Se é evidente que essa grande disponibilidade de informações pode facilitar uma investigação judicial, também cresce a possibilidade de acesso pelas autoridades a muito mais informações do que seria necessário e razoável, o que levanta preocupações sobre privacidade, intimidade e outros direitos, como liberdade de expressão e de associação. É razoável que uma equipe de investigação tenha, por exemplo, acesso à sua caixa de e-mails inteira, para descobrir algo sobre uma comunicação específica entre você e um potencial infrator? O que está em jogo, no fim das contas, é uma questão democrática importantíssima: quais os limites que devem ser impostos ao Estado em relação aos direitos e liberdades individuais das pessoas, ainda que o combate à corrupção e a outros crimes seja também um objetivo a ser alcançado?

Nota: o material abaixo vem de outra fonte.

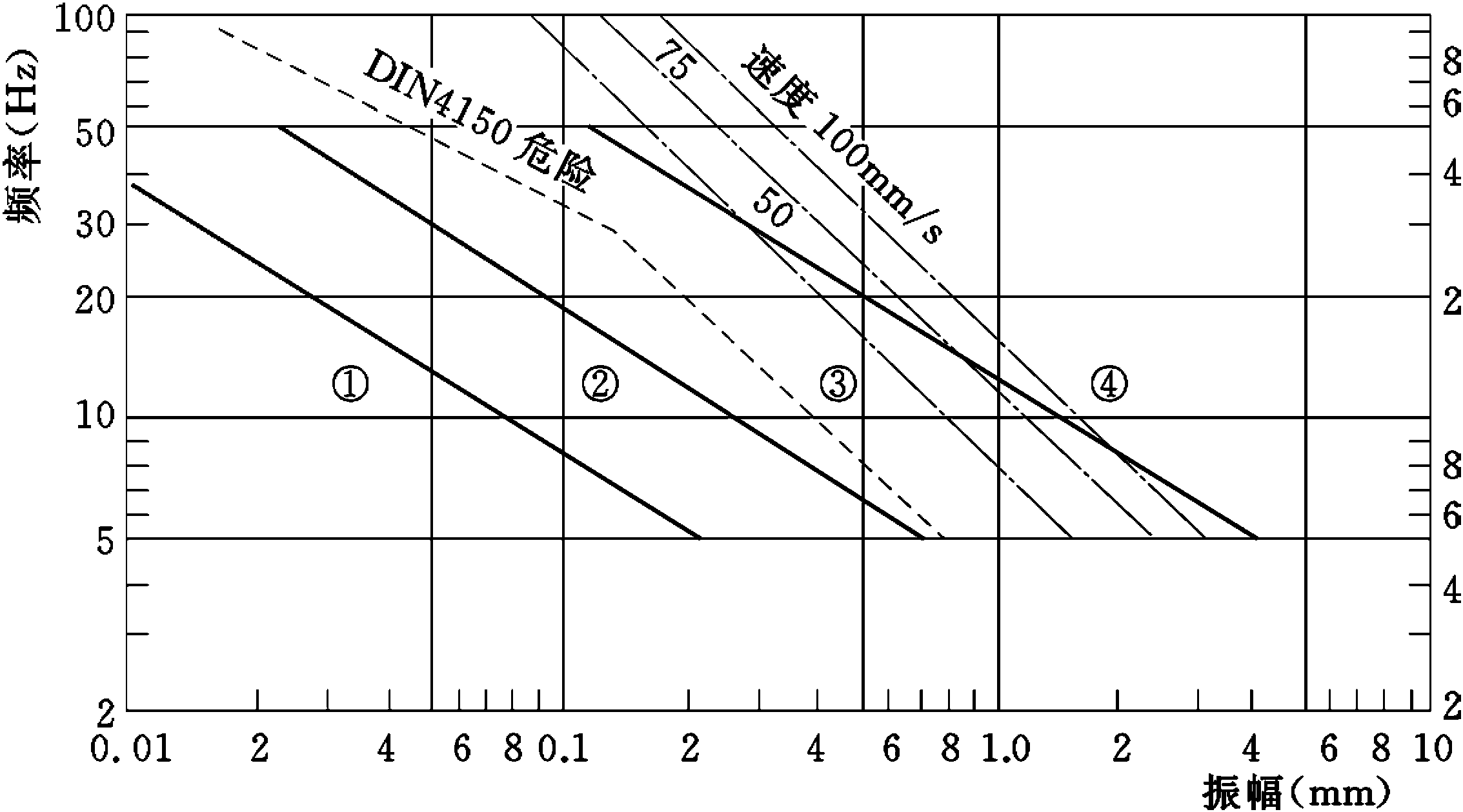 2.3.2 允许振动标准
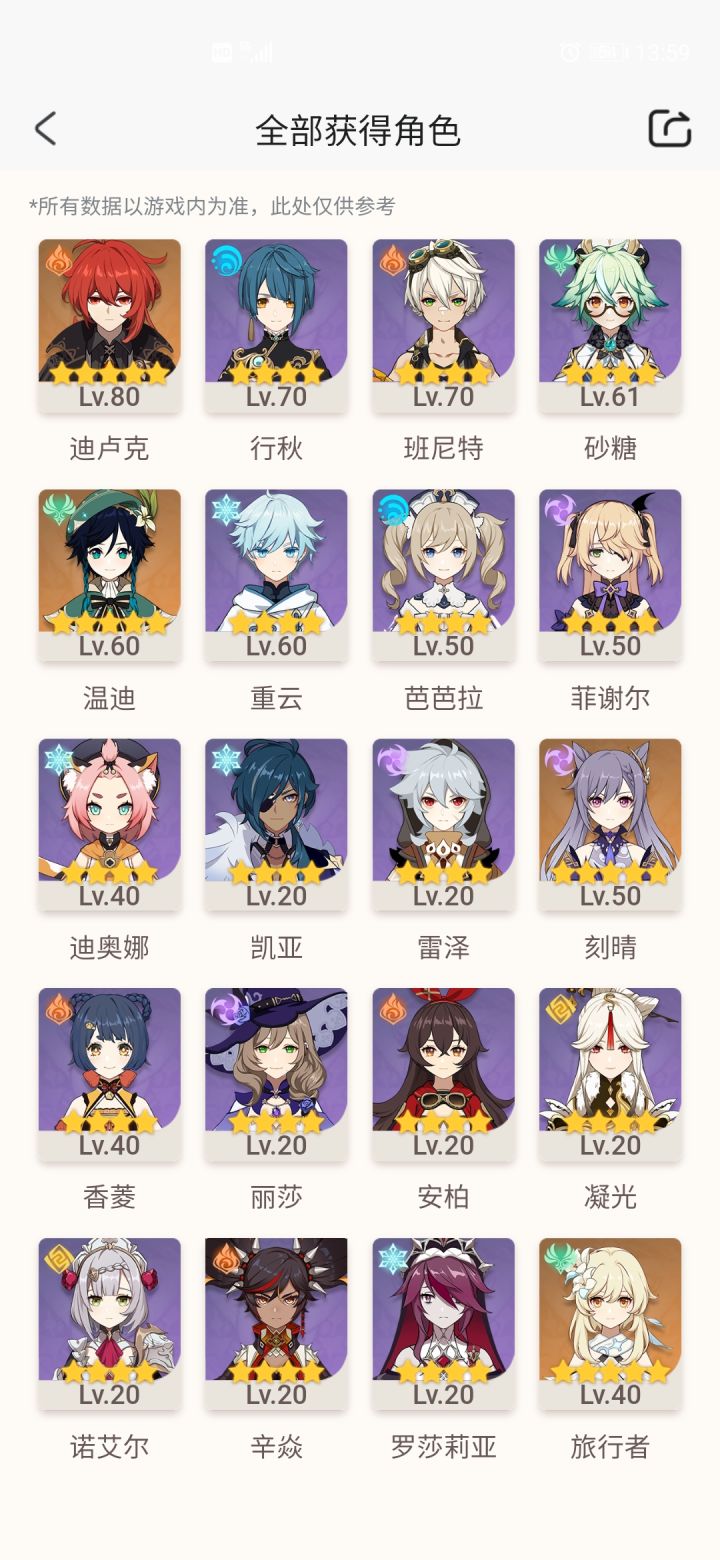 70天的萌新求大佬帮忙看看第二队怎么配截图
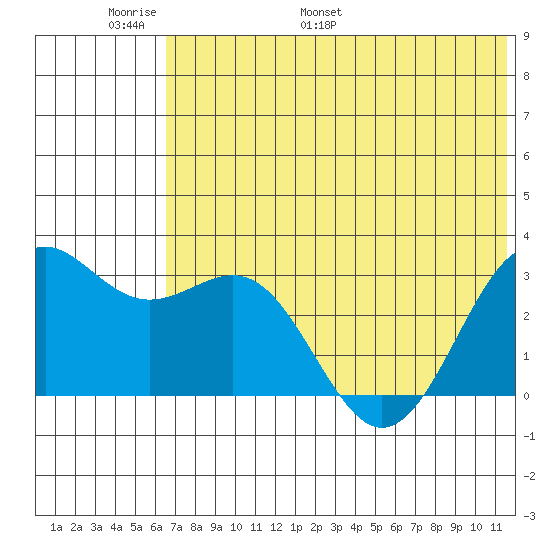 Amaknak Island tide chart for Friday, June 9, 2023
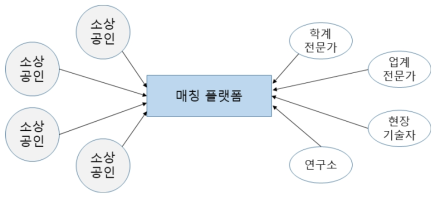 소상공인-서비스 R&D 전문가 매칭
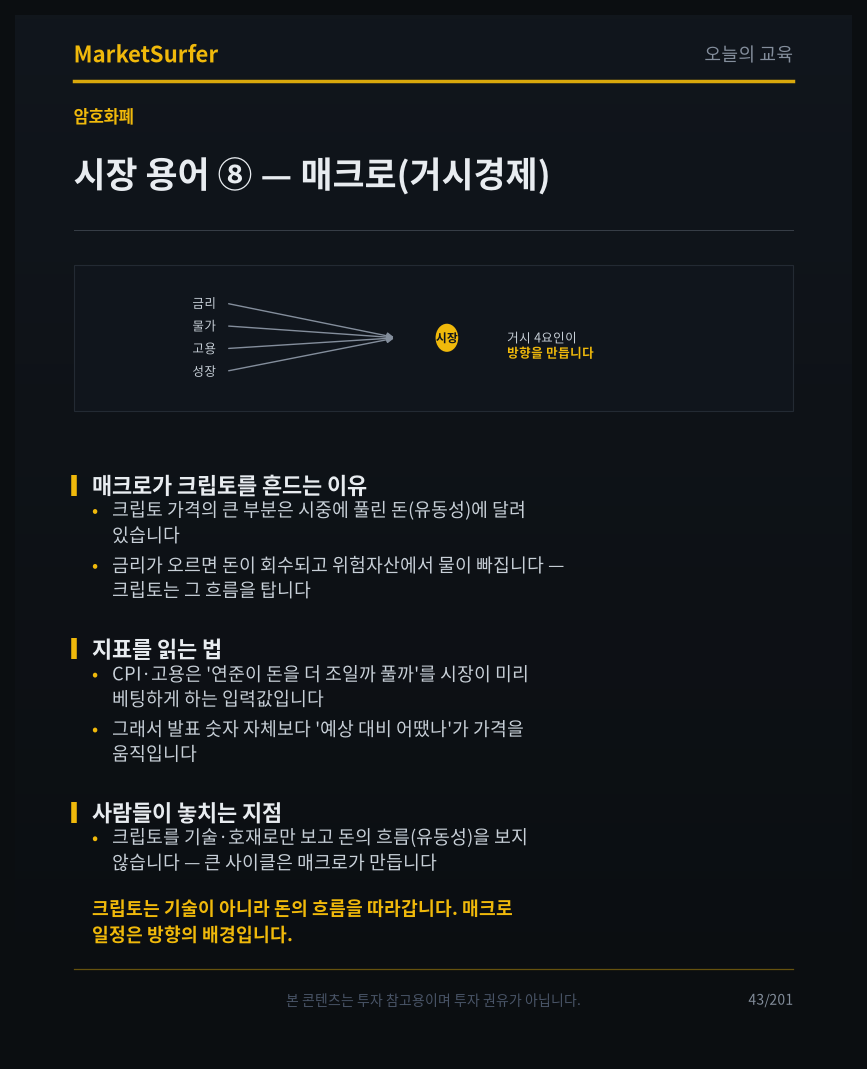 시장 용어 ⑧ — 매크로(거시경제) 교육 카드 1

Ilustração: Juliana Pacetta Ruiz. Foto: Estadão

O próprio início da Lava Jato esteve marcado por controvérsias desse tipo: em 2014, o acesso a mensagens trocadas por um dos réus, Alberto Youssef, foi o elemento-chave para a força-tarefa recolher elementos sobre o esquema de propinas operado - e depois delatado - por ele. A forma como a operação obteve acesso às mensagens foi questionada pela defesa: ela teria infringido os procedimentos formais existentes de cooperação internacional ao pedir diretamente para a matriz estrangeira da empresa fabricante dos telefones (RiM, que fabricara os Blackberries dos investigados) o conteúdo das conversas.

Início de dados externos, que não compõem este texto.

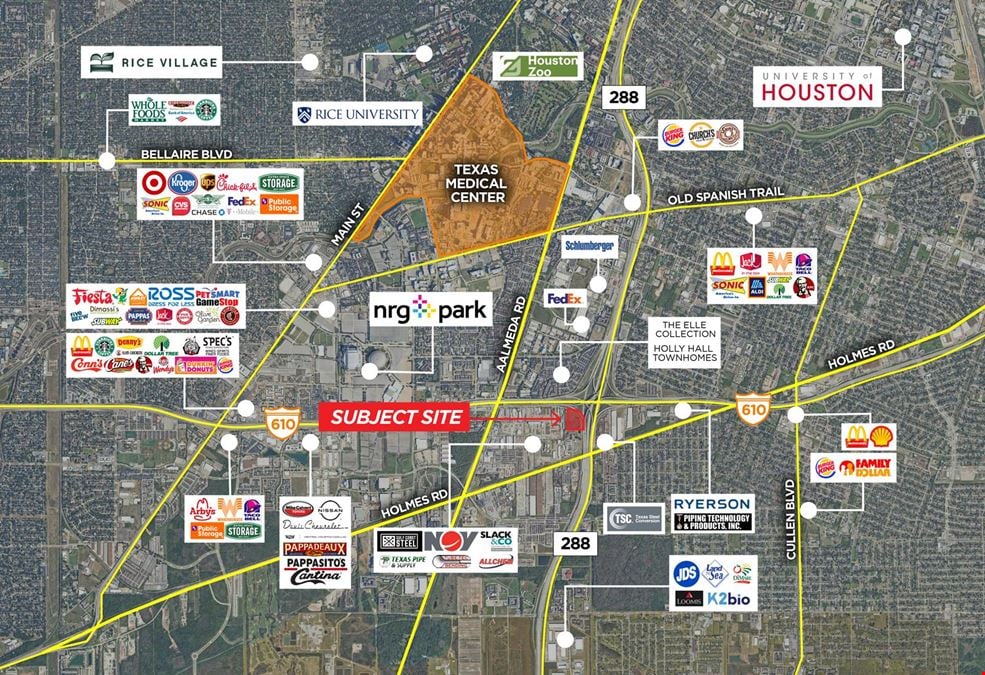 ±10.34 Acres South Loop West at Hwy 288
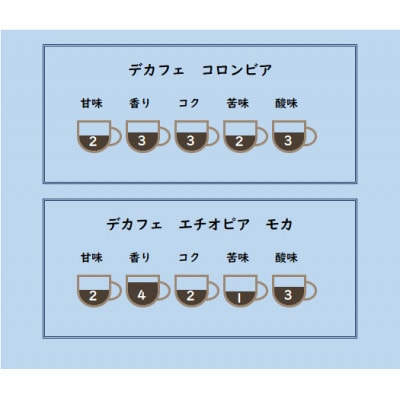 【ふるさと納税限定】カフェインレス　ドリップバックコーヒー詰め合わせ18袋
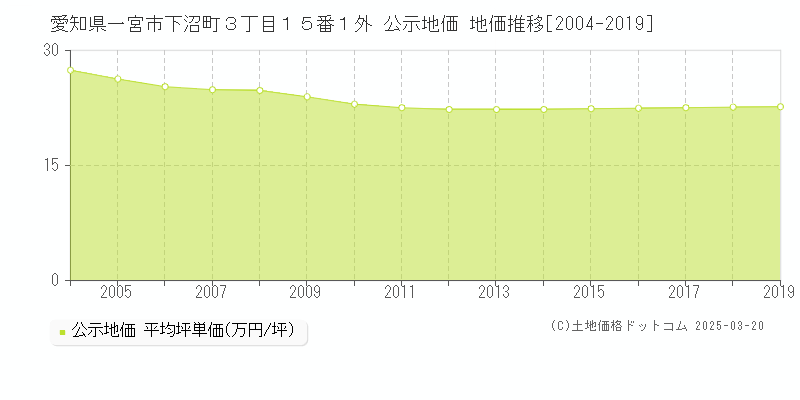 愛知県一宮市下沼町３丁目１５番１外 公示地価 地価推移[2004-2019]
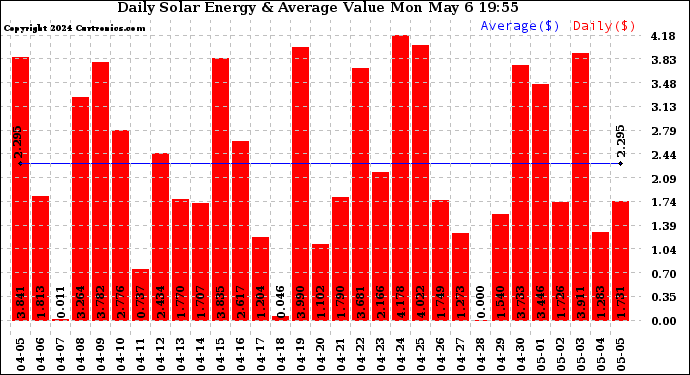 Solar PV/Inverter Performance Daily Solar Energy Production Value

O STJ acaba de decidir, como tem feito em muitos outros casos, sobre uma questão controversa como essa. Desta vez, a defesa de um dos réus da operação alegou que o juiz Sérgio Moro não poderia ter aceito como prova conversas armazenadas em um smartphone apreendido em cumprimento a uma de suas ordens de busca e apreensão. Ou seja, o simples fato de se ter apreendido o aparelho mediante ordem judicial (de busca e apreensão) seria suficiente para garantir o acesso a tudo que existe dentro dele (incluindo as conversas), sem necessidade de uma outra ordem judicial, específica para isso.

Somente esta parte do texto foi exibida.